== Material to process ==
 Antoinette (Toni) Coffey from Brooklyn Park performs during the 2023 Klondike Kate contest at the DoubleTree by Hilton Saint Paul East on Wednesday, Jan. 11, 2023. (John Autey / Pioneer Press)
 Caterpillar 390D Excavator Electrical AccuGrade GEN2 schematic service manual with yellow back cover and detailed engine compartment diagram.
===
== Material to process ==
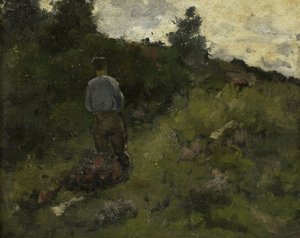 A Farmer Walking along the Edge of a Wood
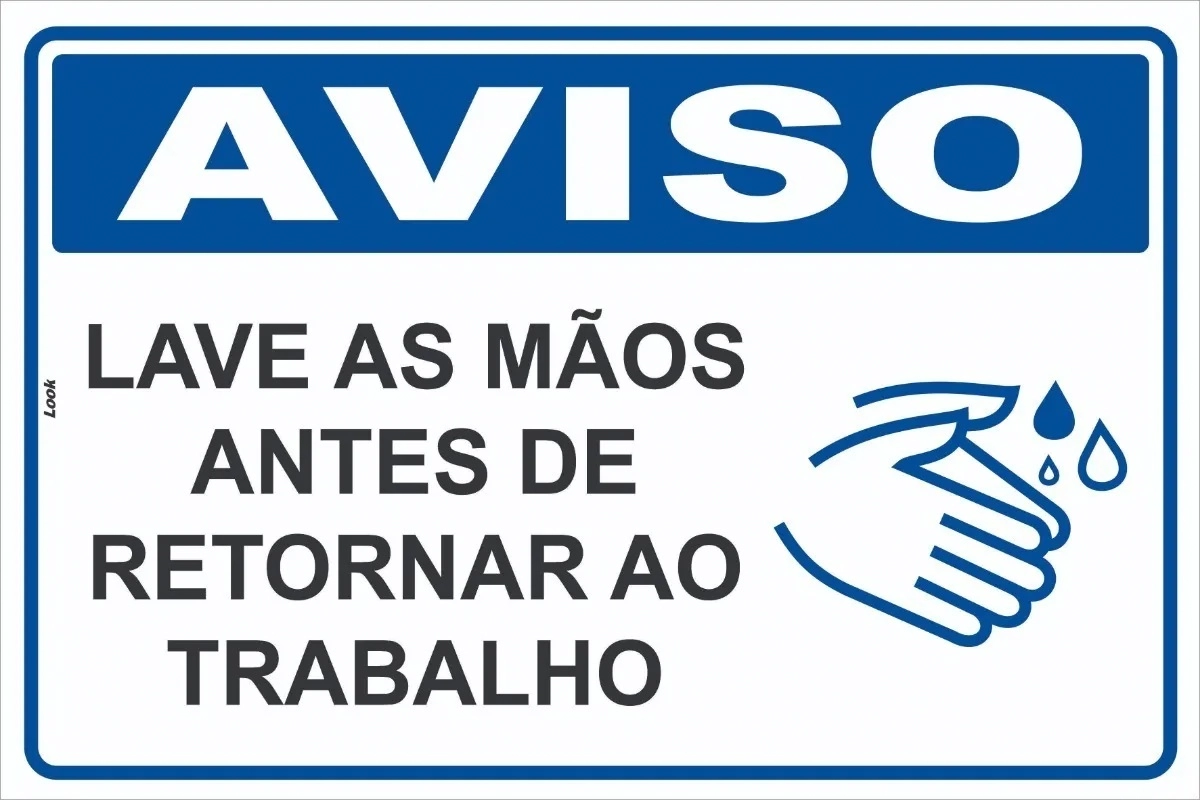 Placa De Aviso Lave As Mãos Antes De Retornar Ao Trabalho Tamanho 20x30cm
===
== Material to process ==
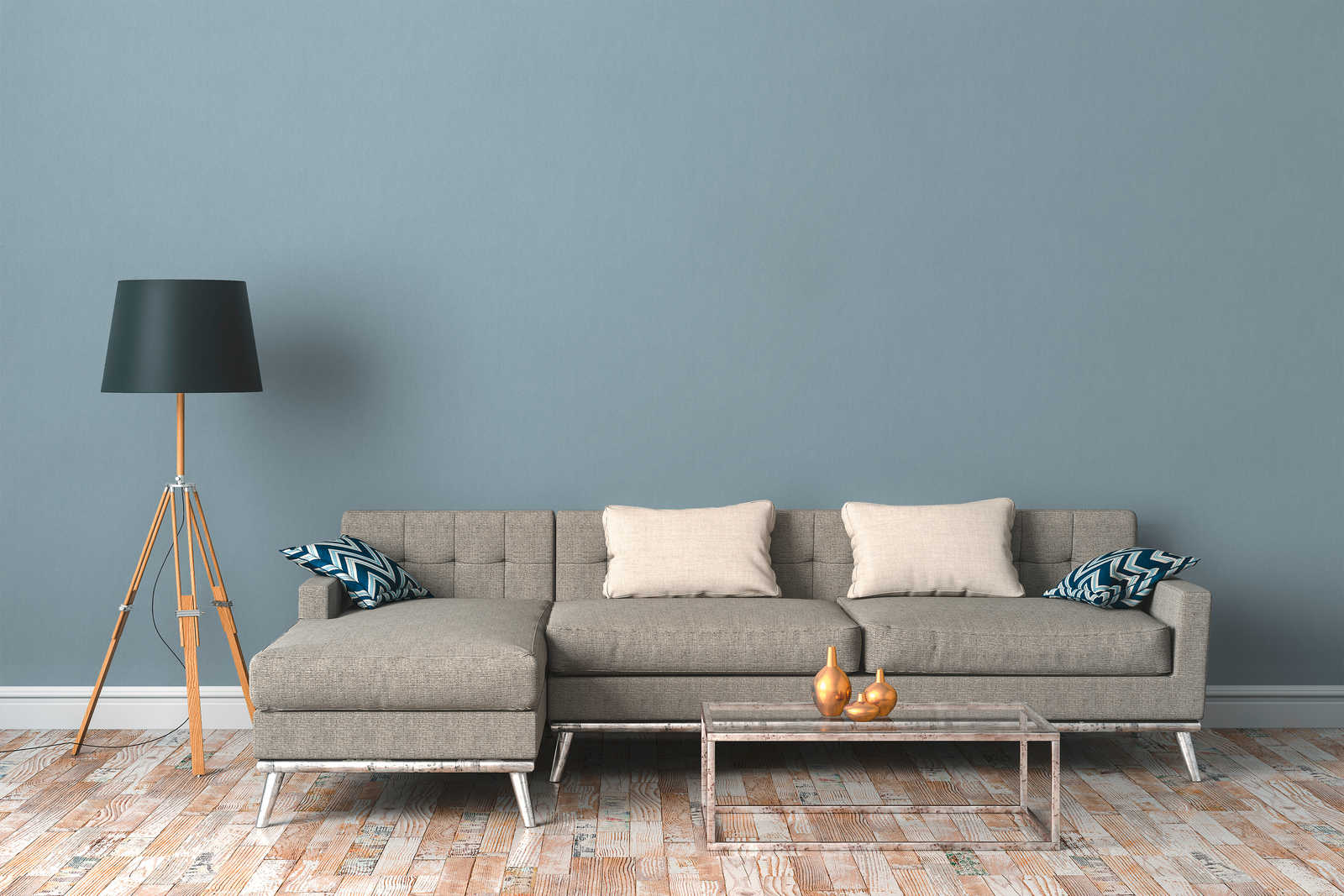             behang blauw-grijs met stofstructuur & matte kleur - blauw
===
In the entries above, the lines between the one holding "Antoinette (Toni) Coffey" and the one holding "Caterpillar 390D Excavator", inclusive, are to be printed exactly as written, and those alone.

Completed task
 Antoinette (Toni) Coffey from Brooklyn Park performs during the 2023 Klondike Kate contest at the DoubleTree by Hilton Saint Paul East on Wednesday, Jan. 11, 2023. (John Autey / Pioneer Press)
 Caterpillar 390D Excavator Electrical AccuGrade GEN2 schematic service manual with yellow back cover and detailed engine compartment diagram.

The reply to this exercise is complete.